To finish the step, the upper control line low and the lower control line is brought high. This causes the cross-connected FET flip-flop outputs to switch state. Unlike the Master flip-flop, whose state is subject to corruption if the counter doesn't change state, this value is stable.

My original Verilog implementation of the counter using edge-clocked flip-flops didn't match the behavior of the i4004 counter because I failed to understand how the counter worked in detail: it changed the outputs when the Master FF was updated rather than . Changing the code to use transparent latches resulted in the testbench failing: the first stage counter changed state when it shouldn't have.

After several hours I tracked that problem to the testbench itself. I'd taken a shortcut in the testbench that didn't faithfully generate the control signals. Even though the waveform display never showed the lower (slave) step enable line going active, it was, in fact, active for long enough that the simulator clocked the slave FF. Making the testbench more accurate addressed this issue.

Here's a comparison of the old and new counter implementations using behavioral Verilog:
Edge-clocked flip-flops Transparent latches
reg q, q_n;
always @(posedge sysclk) begin
    if (step_a) q <= ~q_n;
    if (step_b) q_n <= q;
end
reg master, slave;
always @(*) begin
    if (step_a) master <= ~slave;
    if (step_b) slave  <= master;
end

What I still don't understand is why the counter sections use internal signals to connect to the next higher counter section. Why not use the outputs that drive external circuits?

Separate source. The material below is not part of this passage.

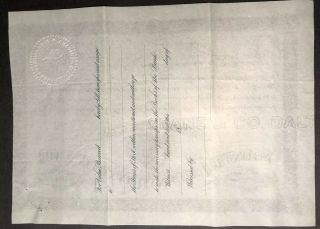 National Bank of Illinois stock certificate,  1890,  uncanceled 2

Two possibilities come to mind: loading and latency. The inverters that drive external (non-counter) circuits isolate the counter circuits from the external circuit loading, at the cost of additional latency. Maybe there was a concern that the extra latency would cause the ripple up through the counter stages to take long enough to cause timing problems? The i4004 CPU uses 2-bit and 3-bit counters, while the i4002 RAM uses a 5-bit counter. I coded a structural implementation of the counter so I could add latencies, but it's a ripple counter and I don't see any timing issues within the counters themselves. Without knowing a lot more about the characteristics of the chip itself I don't think I have the information to speculate further.